** Opening AVAILABLE DATA block **

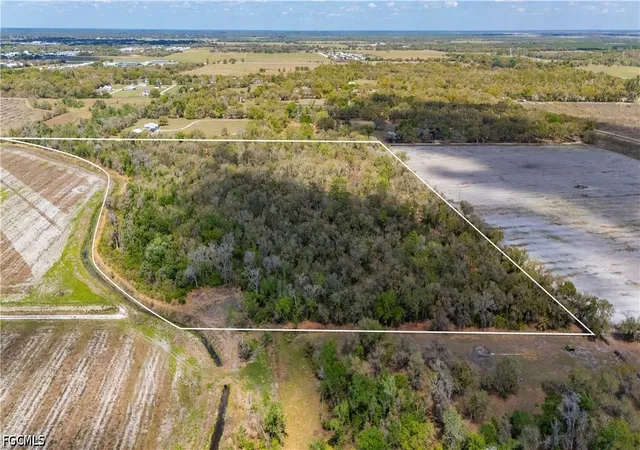 4th image of Se Hwy 31, Arcadia, FL 34266 | MLS# 2026030832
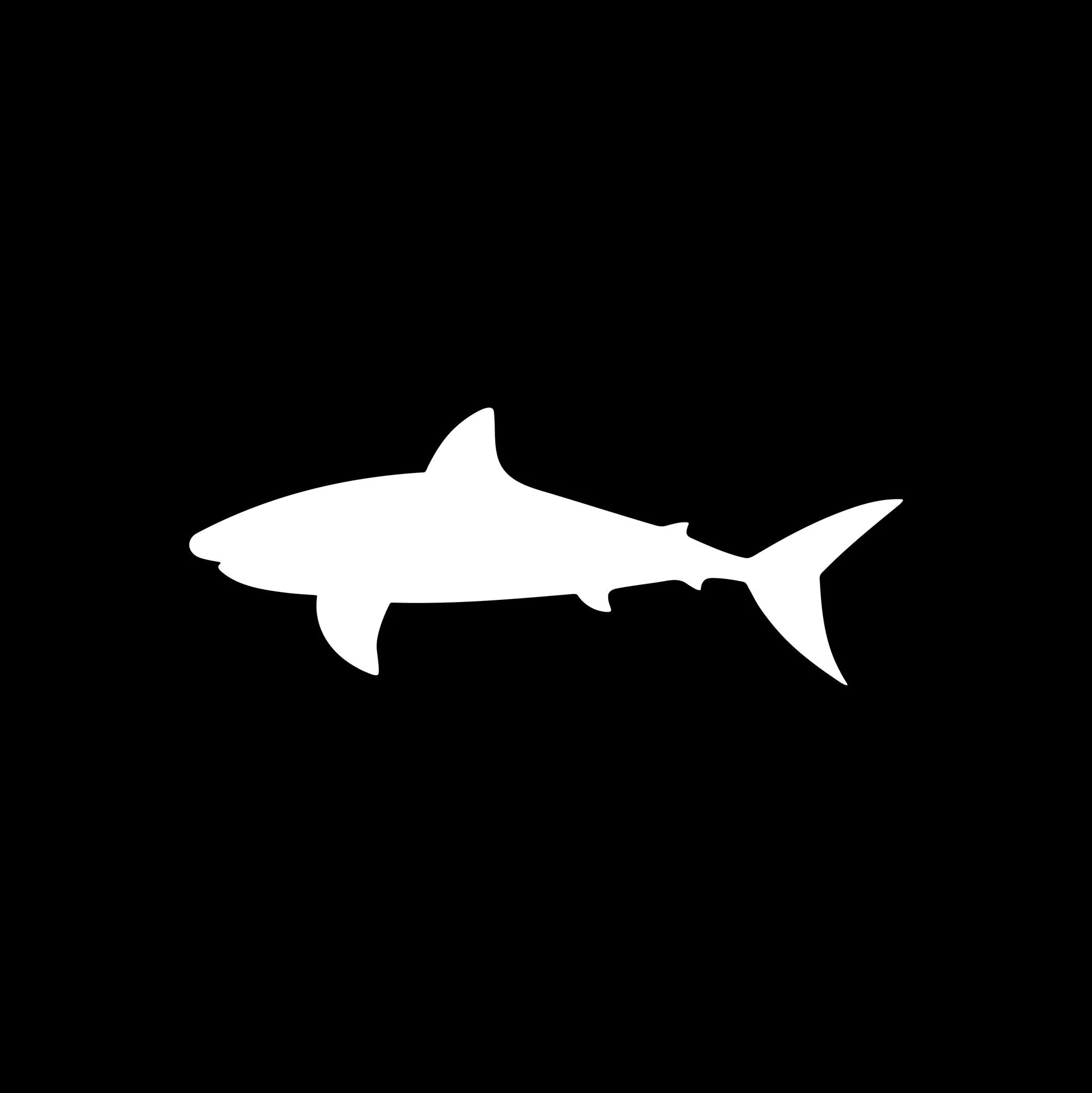 Bullshark logo/icon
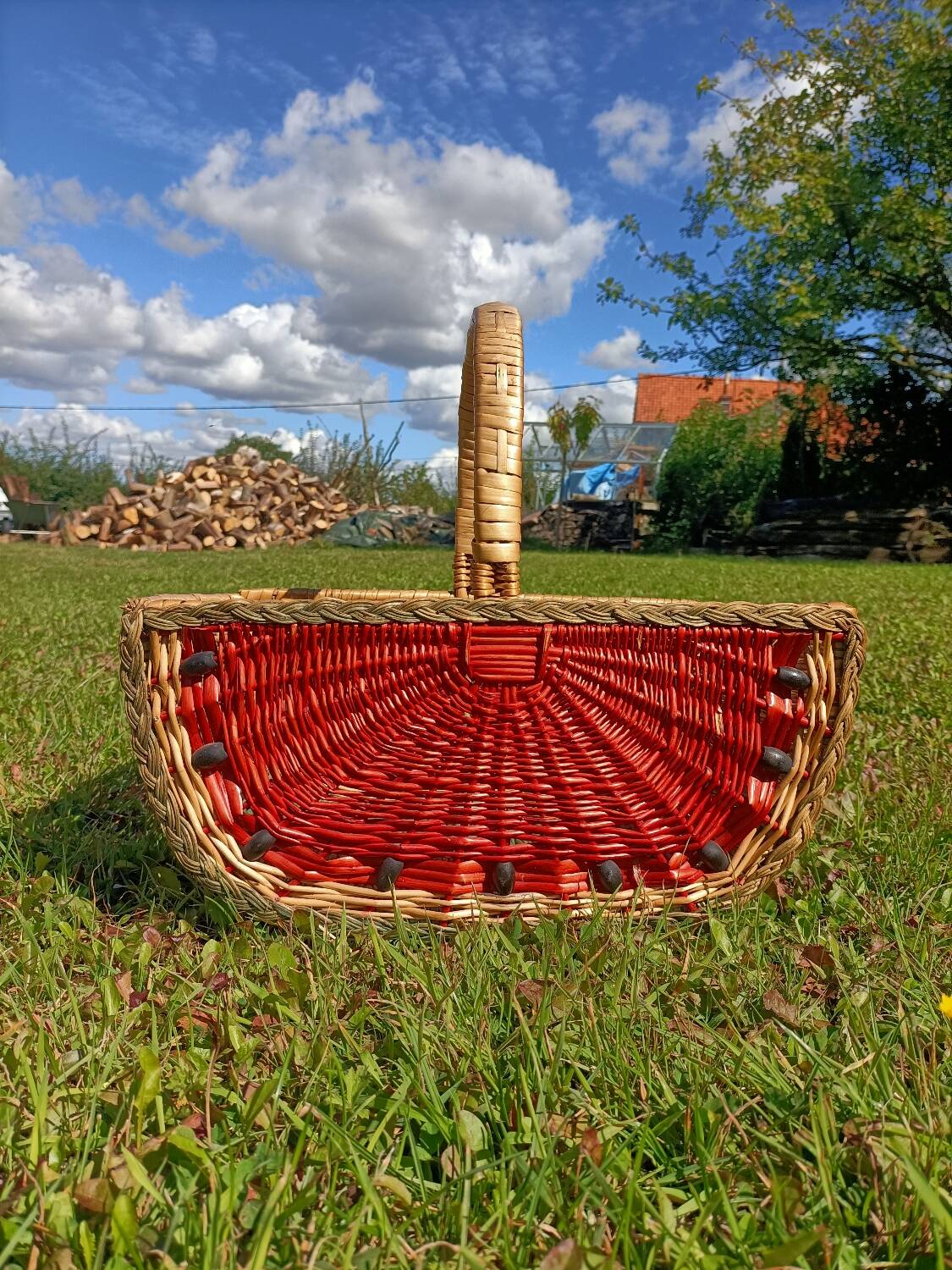 Retro Watermelon Basket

** Closing AVAILABLE DATA block **

* _WHAT YOU ARE ASKED TO DO_
A verbatim transcription of the listing is expected, with no pictures included.

* _RESPONSE_
 4th image of Se Hwy 31, Arcadia, FL 34266 | MLS# 2026030832
 Bullshark logo/icon
 Retro Watermelon Basket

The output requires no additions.